A couple reasons. One is that 0day vulnerabilities have no defense. There is no way to defend against certain vulnerabilities.
The second is that there are no international rules of conduct that apply to cyber warfare. After the Georgia/Russia event there was an effort to pass agreements in NATO but AFAIK nothing came of it.
The third is that that a successful attack usually means the victim remains in a compromised state for months or years (look up advanced persistent threat).
Finally, it's also usually the case that cyber attacks go completely undetected.

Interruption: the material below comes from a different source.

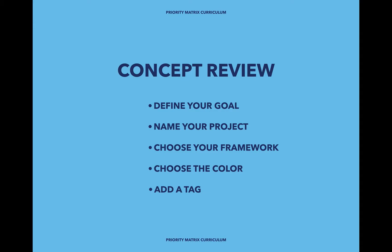Fourth, choose the color; there's no wrong answer, and again you can always edit it later. And fifth, add a tag to this project so that you can always filter it out from anything else you create in the future. Thanks so much for watching. I hope this was helpful.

> the reason for defending something is because something is worth defending
Right, well the NSA does engage in defense as well. There's just less that can be done. There are hundreds of millions of devices in America with an extremely long tail of software/update state and configuration, saying nothing of networks. There's a ton to protect and even protecting small amounts is costly. This is one of the main reasons companies (and governments) are looking to the cloud - you can consolidate your threat area if you concentrate operations and run broadly the same configuration/state across many systems.
> thing being defended often includes a higher-moral-ground
But this is espionage and sabotage. It's dirty business. I don't think it's a good thing. I don't really advocate for it. I'm just here explaining the broader context of the Snowden disclosures and this article. If you missed it there was a link containing 37 other countries that have cyberwar programs (the list is not exhaustive).